Caption-style text data:
-*-*-

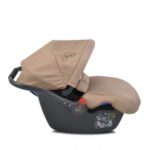 Κάθισμα Αυτοκινήτου 0-13kg Sofie Cangaroo Beige - Image 2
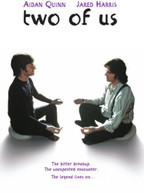 TWO OF US (TV) (MOVIE) DVD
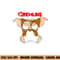 Gremlins Gizmo png, sublimation .jpg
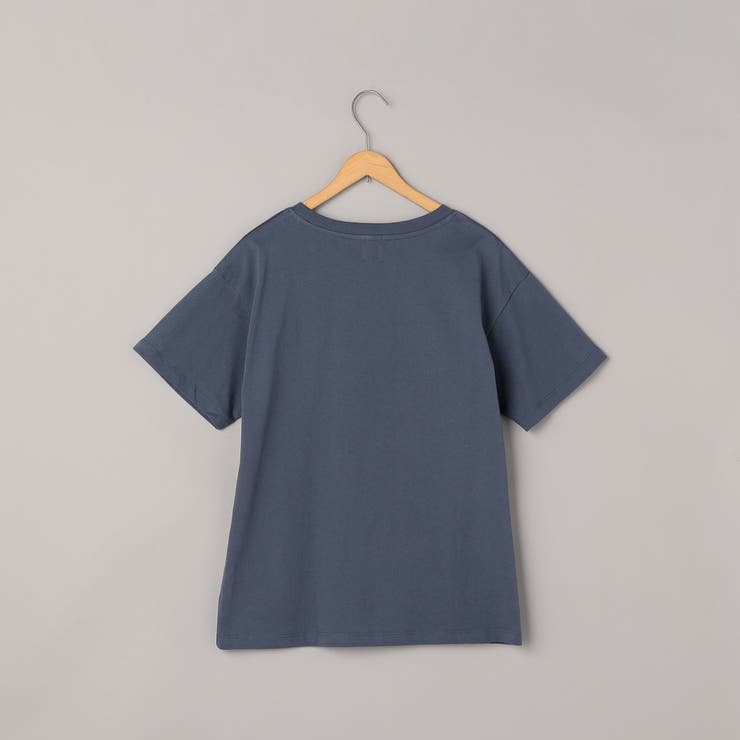 【汗染み軽減】オータムカラー アソートロゴプリントTシャツ | coen【women】 | 詳細画像33 
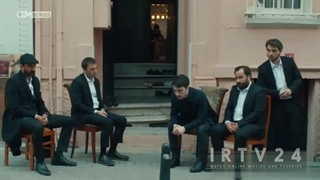 سریال گودال (Çukur) قسمت 409 دوبله فارسی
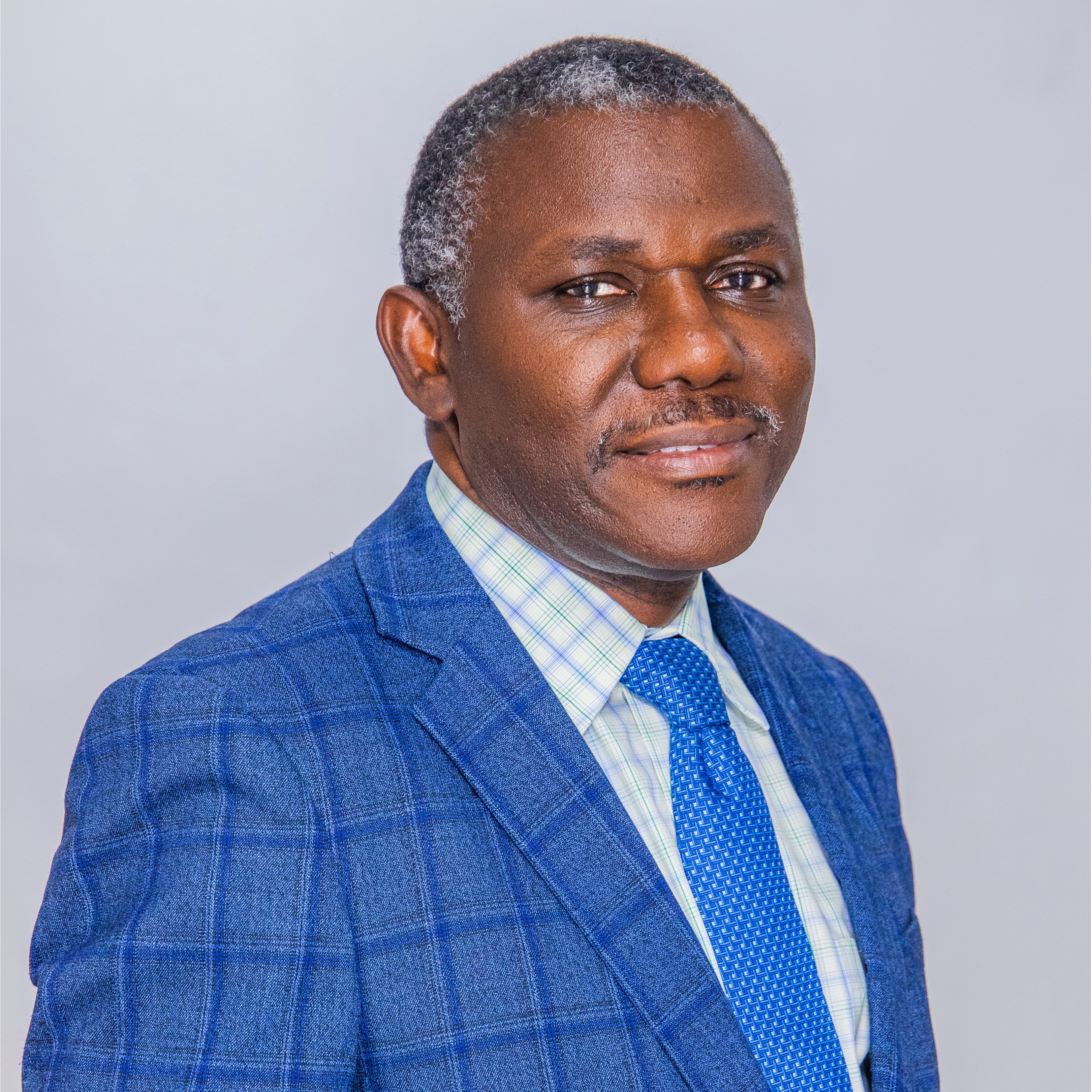 Mr. Johansen Kahatano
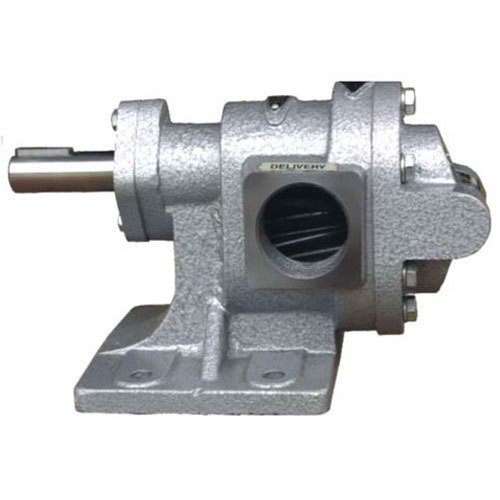 Viscous Liquid Gear Pump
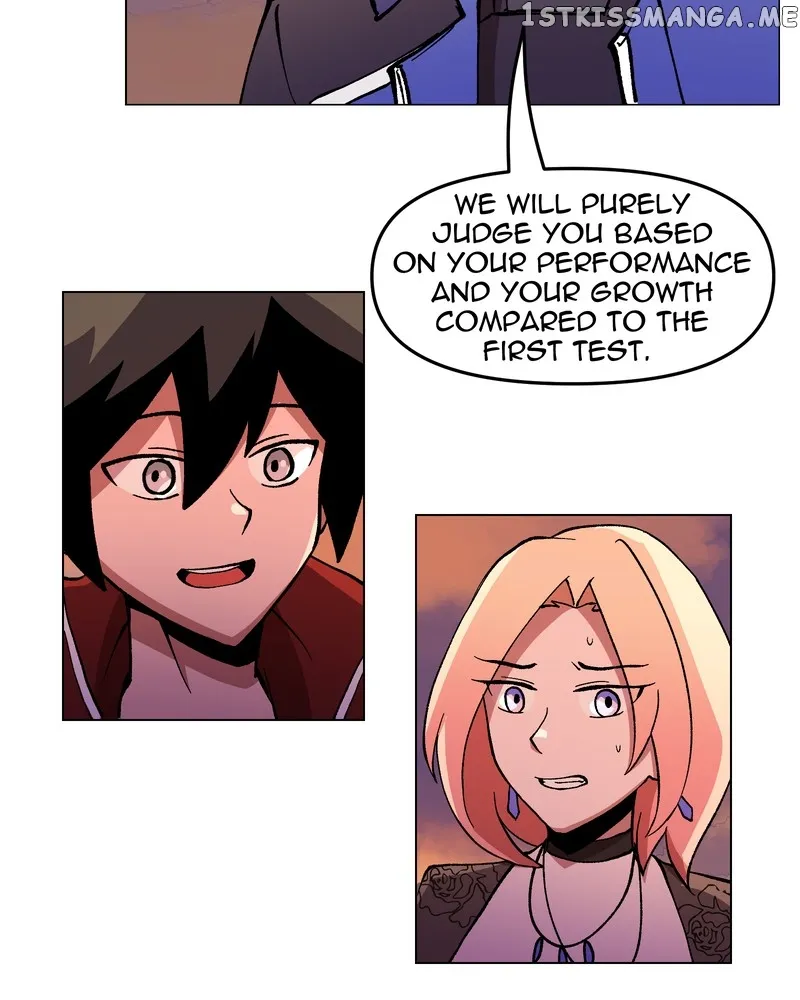 Immortal Weakling Chapter 26 Online - página 52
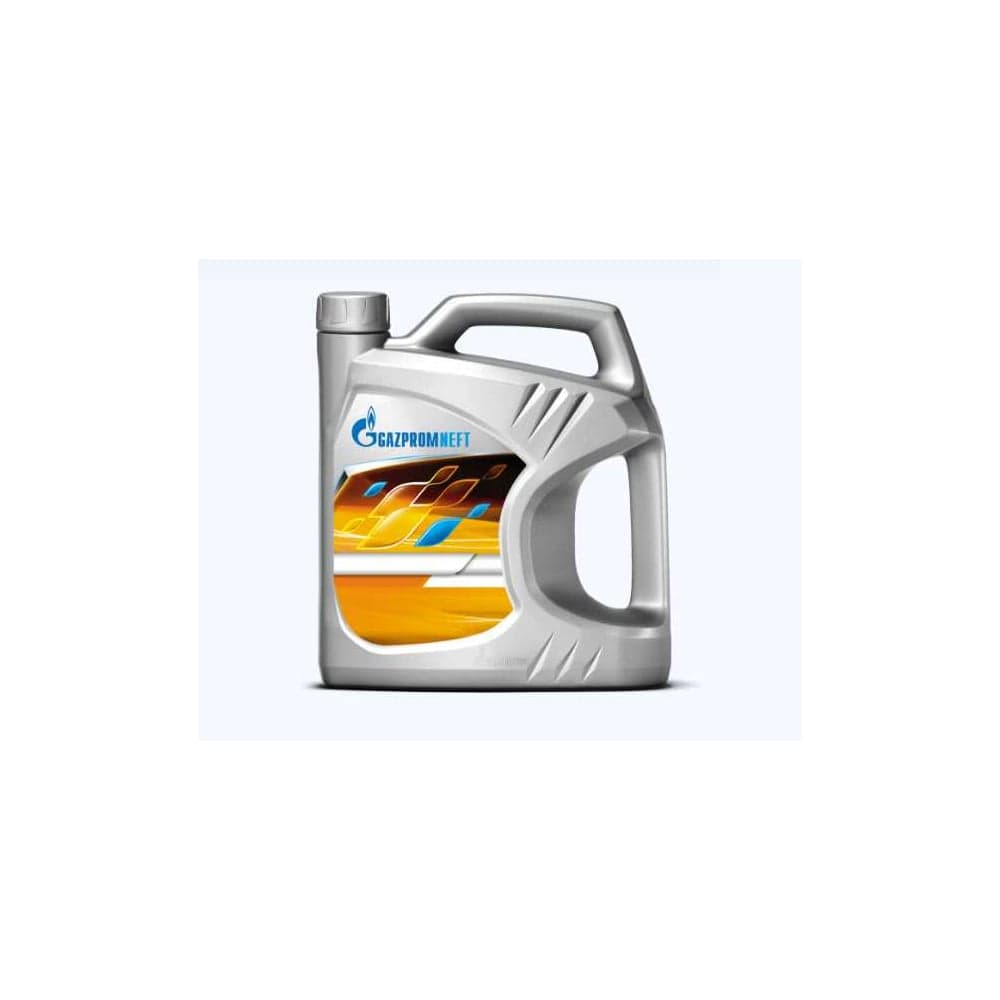 Масло GAZPROMNEFT G-Energy Synthetic Far East 0W-30 1л 253140564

-*-*-

The task =>
This exercise asks for an exact copy of the lines from the first one in the data through the line that contains "Mr. Johansen Kahatano", pictures excluded.

Answer to this exercise =>
 Κάθισμα Αυτοκινήτου 0-13kg Sofie Cangaroo Beige - Image 2
 TWO OF US (TV) (MOVIE) DVD
 Gremlins Gizmo png, sublimation .jpg
 【汗染み軽減】オータムカラー アソートロゴプリントTシャツ | coen【women】 | 詳細画像33 
 سریال گودال (Çukur) قسمت 409 دوبله فارسی
 Mr. Johansen Kahatano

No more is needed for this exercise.